The final horizontal section left of the Herbert C. Bonner Bridge collapsed during demolition on April 14, 2021. [photo courtesy Don Bowers/Island Free Press]

A federal investigation is underway of the incident that killed a worker Wednesday evening during the final stages of demolition of the Herbert C. Bonner Bridge over Oregon Inlet.

Since it happened over a navigable waterway, the U.S. Department of Labor’s Occupational Safety and Health Administration has taken charge of the probe which could take several months.

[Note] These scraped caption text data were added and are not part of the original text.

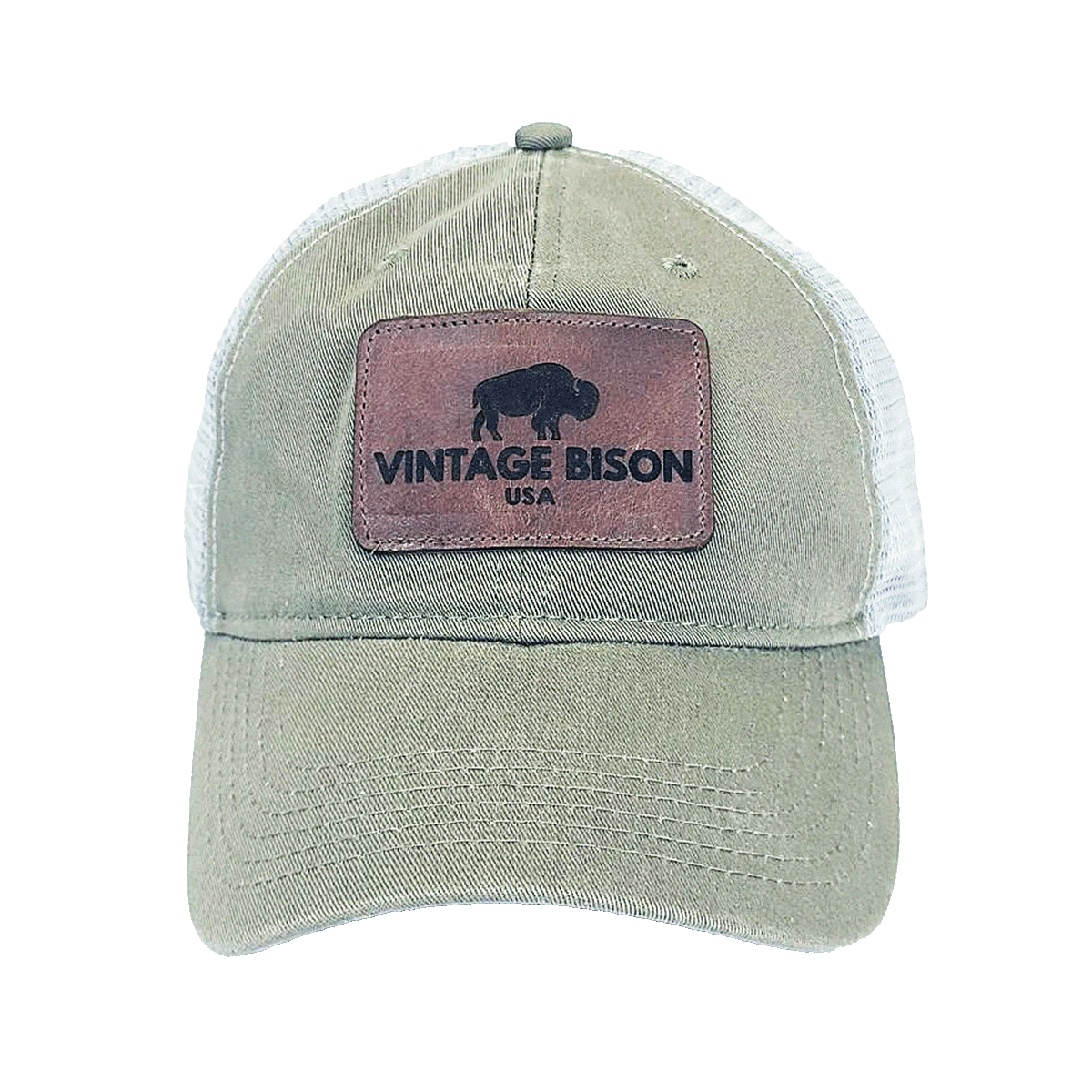 Mensh Bison Logo Hat Olive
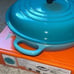 NIB Le Creuset Signature Cast Iron 2.25 Quart Braiser, Caribbean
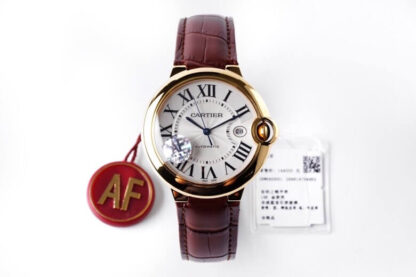 AAA Replica Ballon Bleu De Cartier 42MM W6900551 AF Factory Gold Bezel Mens Watch | aaareplicawatches.is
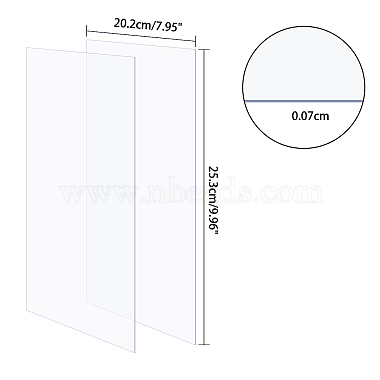 Transparent Acrylic for Picture Frame(DIY-WH0204-82D)-2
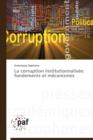 Image for La Corruption Institutionnalisee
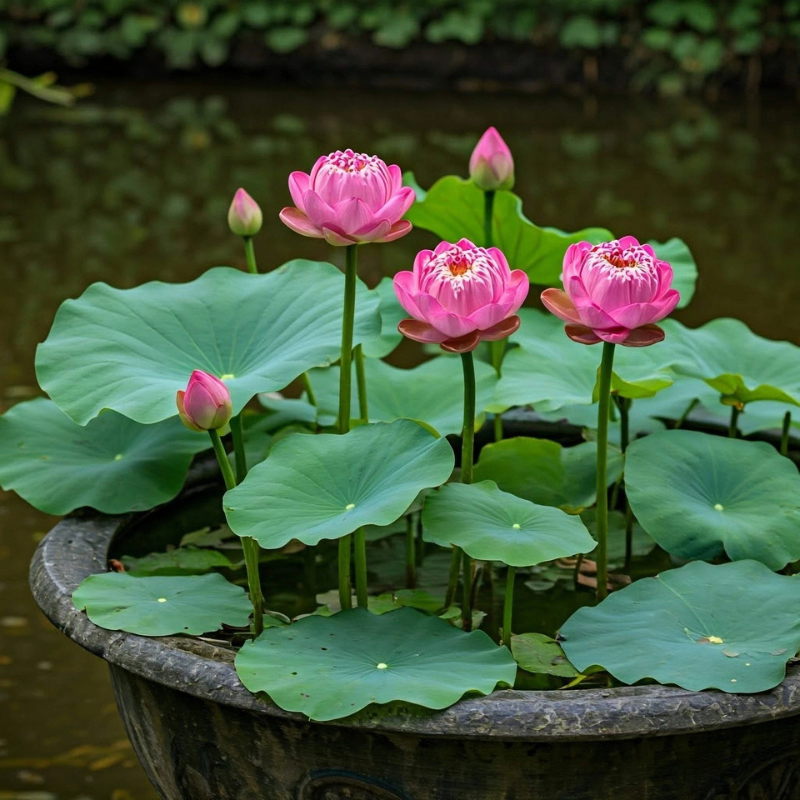 5 Lotus Flower Seeds – Beautiful Aquatic Blooms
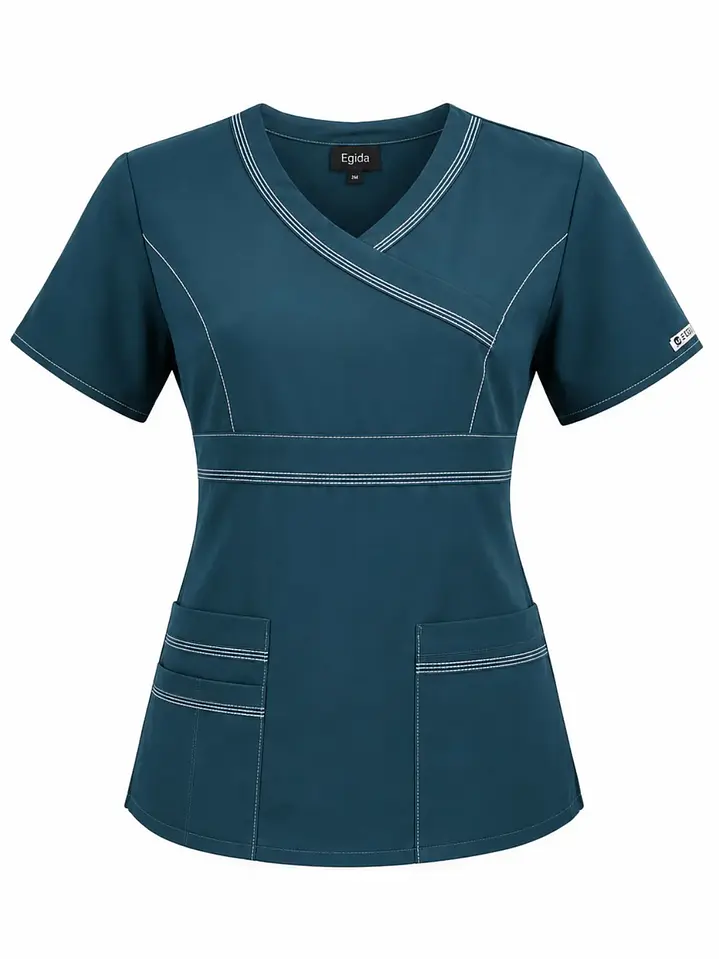 Blusa Clínica Modelo Cargo Verde Petróleo  2
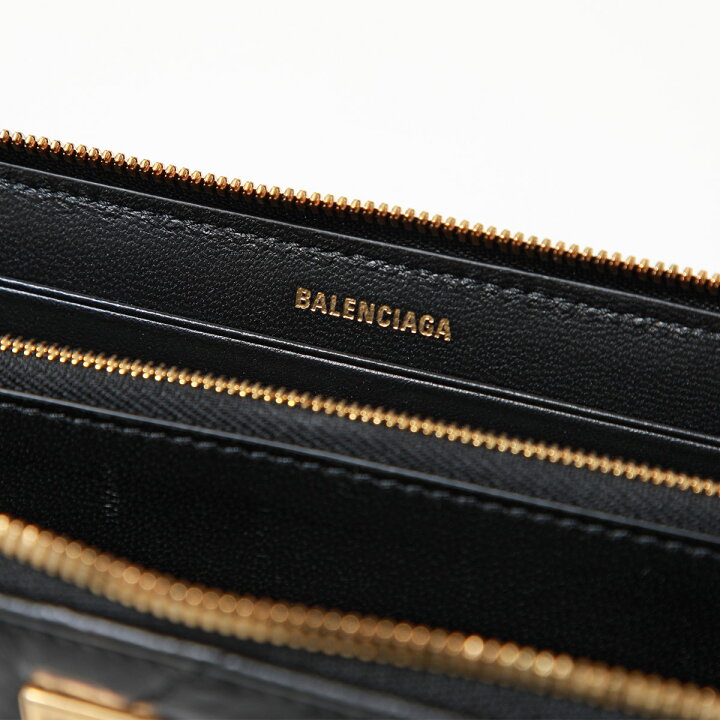 楽天市場】BALENCIAGA バレンシアガ ラウンドファスナー長財布 CRUSH 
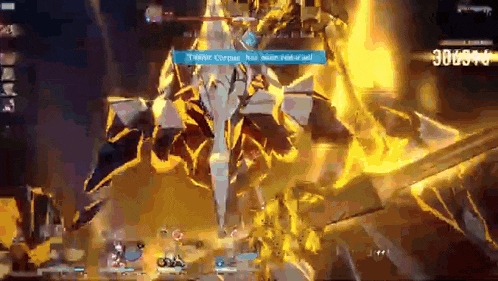 a screenshot of a video game shows a character being attacked by a monster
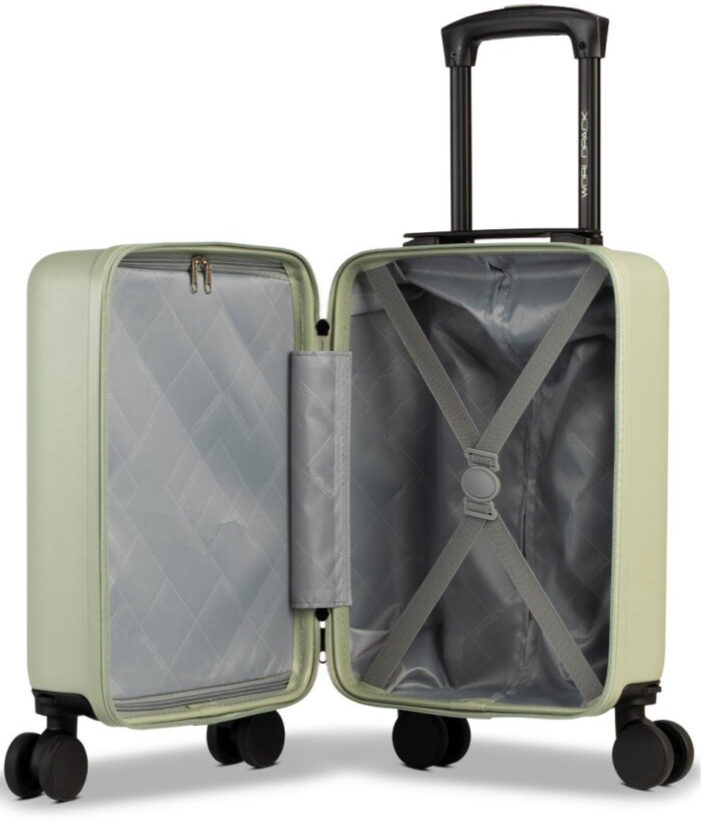 Příruční kufr 40x30x20 Underseater Removable Wheels Grey Green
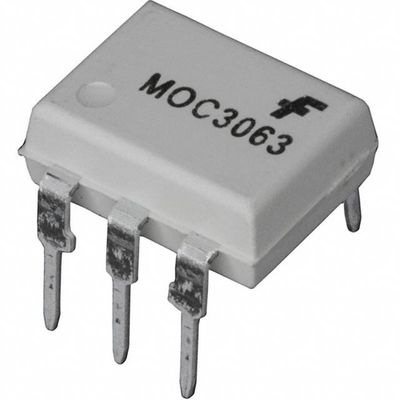 MOC3063M อะนาล็อกไอโซเลเตอร์ ไอซีออปโตไอโซเลเตอร์ เอาท์พุต Triac SCR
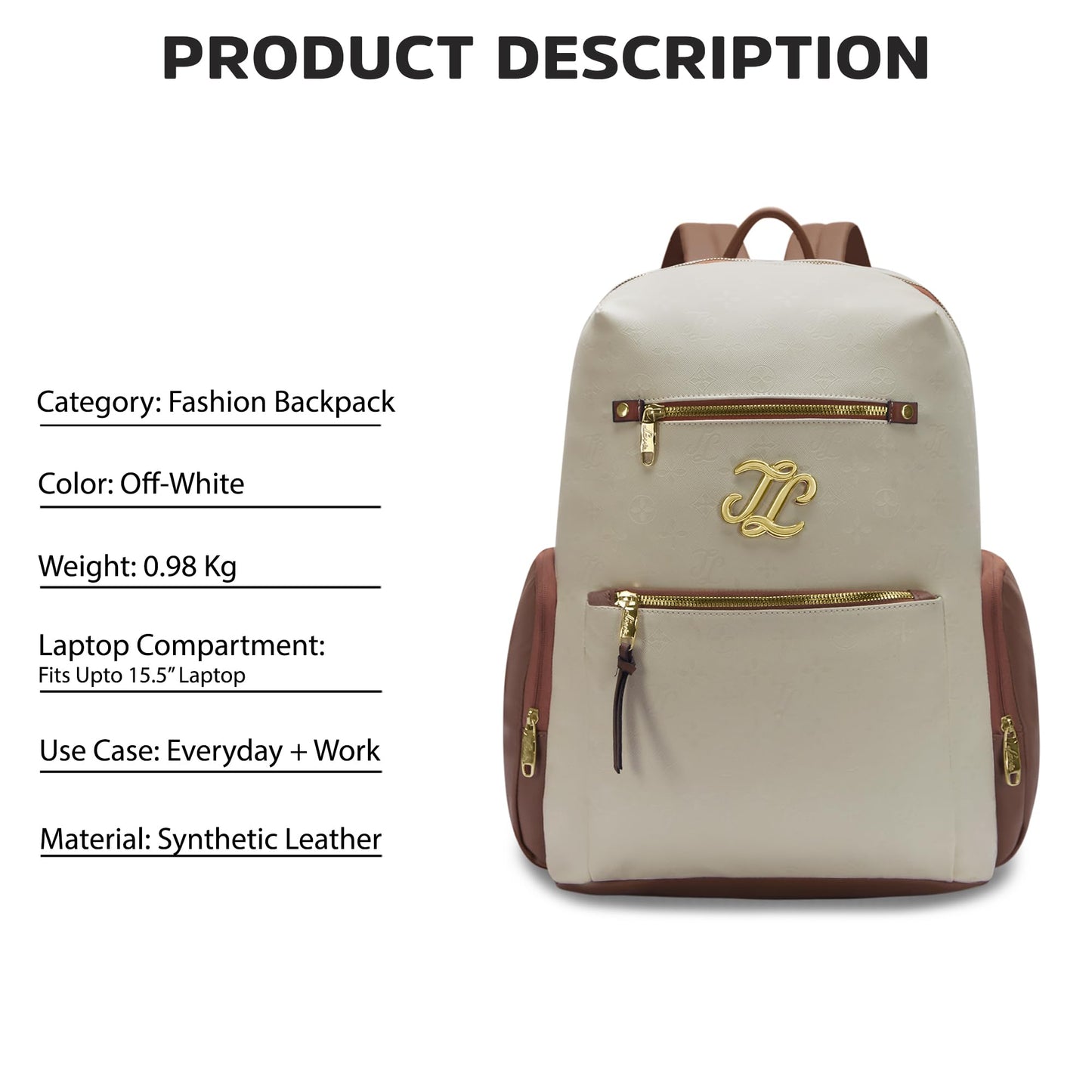 Lavie Signature Women's Colourblock Butte 21L Fashion Backpack for Women | Fits Upto 15.5 Inch Laptop | Fashion Backpack for Work | Ladies purse | Stylish Shoulder Bag | Gift for Women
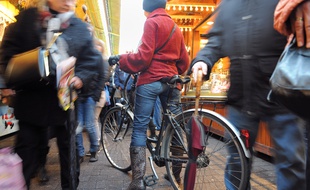 Strasbourg: Vélos dans le marché de Noël. (Archives)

Jose Armando Maqueda Mejia, who family and friends called El Guero, 46, of Manns Harbor, died when the last remaining horizontal structure of the bridge built in 1963 fell more than 90 feet to the surface of the inlet.

[NCDOT traffic camera image]
NCDOT traffic camera image

PCL Constructors is the lead contractor on both the construction of the Marc Basnight Bridge and demolition of the Bonner Bridge.

“It’s too early to know when OSHA will wrap up its on-scene investigation, but PCL might be able to start back on other parts of the demolition project (in the coming week),” N.C. Department of Transportation spokesperson Tim Hass said Thursday.

Demolition began in 2019, shortly after the Basnight Bridge opened to traffic. The southern end of the Bonner is being converted into a public fishing pier and was not involved in the collapse.

Shoaling along the ocean sandbar slowed the Bonner demolition process which was expected to only take around 6 to 8 months after N.C. 12 was moved to the new span.

The conditions prevented barges from leaving the inlet with the concrete remains that were being placed along several artificial reefs offshore.

As the bridge was being dismantled, the concrete road deck and guardrails were cut apart and stacked on the support beams. It was then loaded on to barges, followed by the steel beams.

Only a few sections of the navigation span of the old bridge remained on April 8, 2021. [NCDOT image]
The northern steel sections had been lowered to a barge sometime in the 24 hours prior to the collapse. The southern section was in the process of being unloaded of the concrete when it fell.